Tablier d'Elu en soie du 18ème siècle : 9ème grade REAA "Elu des neufs".
Le poignard et l'os forme un pendule de Salomon; l'horizontale ou la verticalité apparaissent de 2 façons : l'hypothénuse de l'équerre et la chute des dents de la machoire inférieure du crâne. La "machoire manquante" est évoquée par le triangle isocèle du nez et par les 9 larmes. En dessous on a les branches d'accacia qui symbolisent le buisson ardent de Moise.
L'Orient de Grenoble de la Grande Loge Nationale Française reprends ce symbole comme emblème. Au centre se trouve le chrisme dans sa forme la plus habituelle qui associe les lettres grecques chi (X) et rho (P) et de part et d'autre les premiére et dernière lettres de l'alphabet grec : alpha (A) et oméga (W). Cependant, ces lettres sont alors utilisées dans leur forme "majuscule", ce qui n'est pas le cas le plus fréquent pour l'oméga pour les pendules de Salomon les plus anciens. L'alphabet compagnonnique est évoqué dans l'emblème maçonique par la division d'un cercle périphérique en trente-deux segments que l'héraldique nomme " Compons".
La devise de la loge, "Per Me Reges Regnant" (Par Moi les Rois Règnent) est tirée du Livre des Proverbes de l'Ancien testament, le "Mishlei" משלי dans le "Ketouvim", la troisième section du Tanakh après la Torah et les Nevi'im.

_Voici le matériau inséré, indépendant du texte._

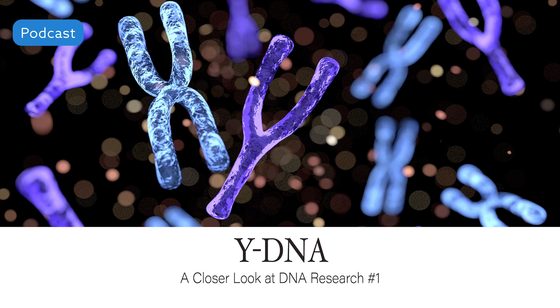DNA testing has become imminently affordable for most average people in recent years. Gone are the days of the early 2000s when DNA testing cost thousands, even tens of thousands of dollars. Now you can get it done for a few hundred or less if a company is doing a sale. There are several different types of DNA tests you can do depending on your research needs. One type of DNA testing you might choose is Y-DNA testing.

"Mishlei" signifie litéralement "Paraboles" (la notion de parabole est pour nous d'une importance capitale dans la compréhension du pendule en tant que composé du cercle et du carré : on sais au moins depuis Archimède de Syracuse que sa quadrature est possible). La tradition attribue généralement sa rédaction au roi Salomon lui-même.
"Je suis la sagesse, ma demeure est le discernement et je possède la science de
la réflexion" (Proverbes 8,12)
" La crainte de l'Eternel, c'est la haine du mal, de l'arrogance et de l'orgueil. La bouche perverse, voilà ce qu'il faut haïr" (Proverbes 8,13)

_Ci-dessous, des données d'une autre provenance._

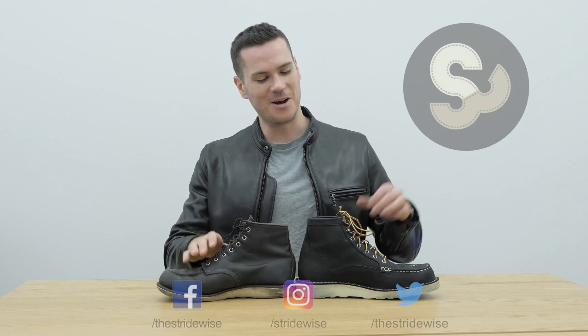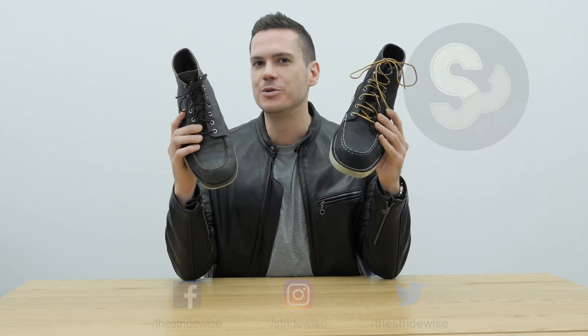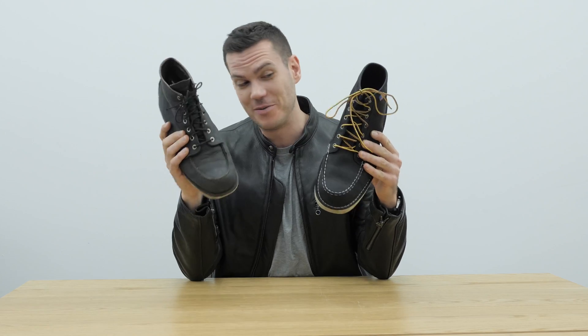What's up guys? This is Nick at stridewise.com. Today I'm comparing the two flagship mock-toe boots from two of the biggest and most influential American work boot companies of all time: Red Wing and Danner.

"Le conseil et le succès m'appartiennent; Je suis l'intelligence même et la force est à moi" (Proverbes 8,14)
"Par moi les rois règnent et les princes ordonnent ce qui est juste" (Proverbes 8,15)

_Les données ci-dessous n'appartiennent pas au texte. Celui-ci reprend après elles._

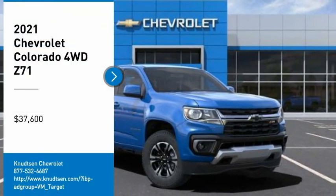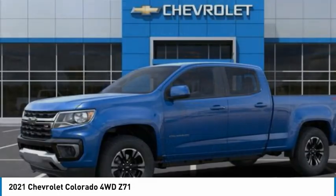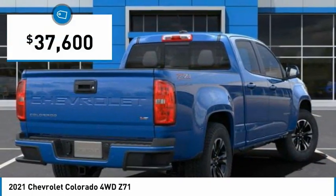Come test drive the 2021 Colorado. Great hauling capability, powerful, rugged, and a great Chevy price. Colorado is it, and is priced below $40,000.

Cette devise était celle inscrite sur la couronne de l'empereur du Saint-Empire Romain Germanique avec l'inscription "Rex Salomon".
La lecture du "Mishlei" nous permet ainsi d'éviter l'erreure de Jean-Jacques Rousseau qui ne voyait dans ce "Per me reges regnant" qu'un instrument de domination alors qu'il incarne la sagesse même, la "loi naturelle", qui devait inspirer les rois et dont la compréhension devait en légitimer l'oeuvre et par extension celle des hommes dans le cadre de l'idéal maçonnique (la réalité de la pratique est souvent hélas très différente !).
Par ce symbole il est question de "l'intelligence même", de "discernement", de la "science de la réflexion". C'est donc certainement dans ce sens qu'il faut entendre la devise "In hoc signo vinces" (IHS), "Sous ce signe tu vaincras " du chrisme de l'étendard (laburum) de l'empereur Constantin I.